This article first appeared in The Edge Malaysia Weekly on October 14, 2019 - October 20, 2019
ONLY 2,000 individual taxpayers will be affected by the new 30% top tax bracket — basically, people earning more than RM2 million a year.
These 2,000 would be the top 0.08% of an already exclusive group of individual taxpayers. Only 16.5% of Malaysia’s 15 million workforce were subject to individual income tax, according to the Fiscal Outlook 2020 report (FOR2020). That works out to only 2.475 million individual taxpayers who will be contributing to the projected RM37.36 billion in total income tax, or 15.3% of federal government revenue for 2020.
It remains to be seen just how much more income the new top bracket will yield from the 2,000 taxpayers who fall into that bracket. The two-percentage-point increase — from 28% to 30% — would bring in roughly RM20 extra for every RM1,000 in taxable income above RM2 million.
Someone earning RM3 million, for instance, would have to pay roughly RM20,000 more in taxes, bringing the total tax payable to RM817,650 under the 30% bracket, compared with RM797,650 for 28% bracket.
The amount could well be significant, though the base looks small.

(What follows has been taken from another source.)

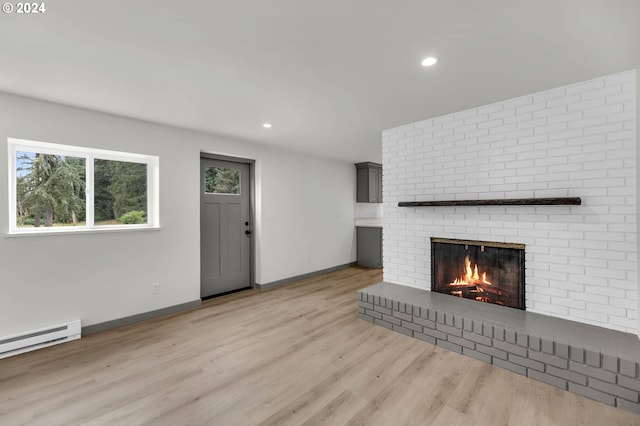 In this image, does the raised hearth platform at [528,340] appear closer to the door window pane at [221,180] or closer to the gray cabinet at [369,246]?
the door window pane at [221,180]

In Singapore, for instance, the 20,877 top earners with chargeable income of more than S$500,000 each paid S$3.7 billion in income taxes in assessment year 2017 (YA2017) . That works out to 34.5% of the S$10.72 billion in personal income tax collected by the city state in 2017 and 4% of total government income that year. The top 20% of taxpayers in the city state with chargeable income of over S$80,000 per annum) paid S$9.8 billion in income taxes, which is just over 91% of the total income tax haul.
In Malaysia, we know that about 30.2% of income share goes to the top 10% of households in 2016 — about the same percentage of income that goes to the bottom 60%.
The more significant tax-related announcement under Budget 2020 is perhaps the proposed move to assign a tax identification number (TIN) to all Malaysians above the age of 18 as well as corporate entities starting January 2021, for which the Finance Minister says engagements with stakeholders will commence next year. That’s likely a move to ensure that all pay their share of taxes, and not just the white-collar professionals whose taxes are automatically deducted from their monthly pay.
It is understood that the Inland Revenue Board has only about 9,000 people with more than RM1 million annual income in its register. That number sounds shocking, given the number of luxury cars sold every year. At the time of writing, the IRB had yet to reply to questions sent on Oct 1 seeking details on how much income tax is contributed by the top 10% and bottom 50% of individual taxpayers.
In any case, Malaysia needs to broaden its tax base or risk overburdening the small pool of taxpaying individuals and businesses that contribute 45% of its revenue. Only 60,898 companies were paying taxes in Malaysia, back-of-the-envelope calculations show. As at end-2017, 62.4% of 1.25 million companies were registered with the Inland Revenue Board, of which 7.8% were subjected to tax, the FOR2020 says.